AIM OF THE EXERCISE: Each line of the listing below must be returned exactly.

SUPPLIED MATERIAL:
************

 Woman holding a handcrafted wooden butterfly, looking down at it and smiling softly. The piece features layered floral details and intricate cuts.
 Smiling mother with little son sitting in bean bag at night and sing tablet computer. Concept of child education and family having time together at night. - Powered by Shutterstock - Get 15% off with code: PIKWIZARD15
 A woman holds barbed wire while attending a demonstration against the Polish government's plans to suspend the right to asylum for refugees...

************

SOLUTION FOR THIS TASK:
 Woman holding a handcrafted wooden butterfly, looking down at it and smiling softly. The piece features layered floral details and intricate cuts.
 Smiling mother with little son sitting in bean bag at night and sing tablet computer. Concept of child education and family having time together at night. - Powered by Shutterstock - Get 15% off with code: PIKWIZARD15
 A woman holds barbed wire while attending a demonstration against the Polish government's plans to suspend the right to asylum for refugees...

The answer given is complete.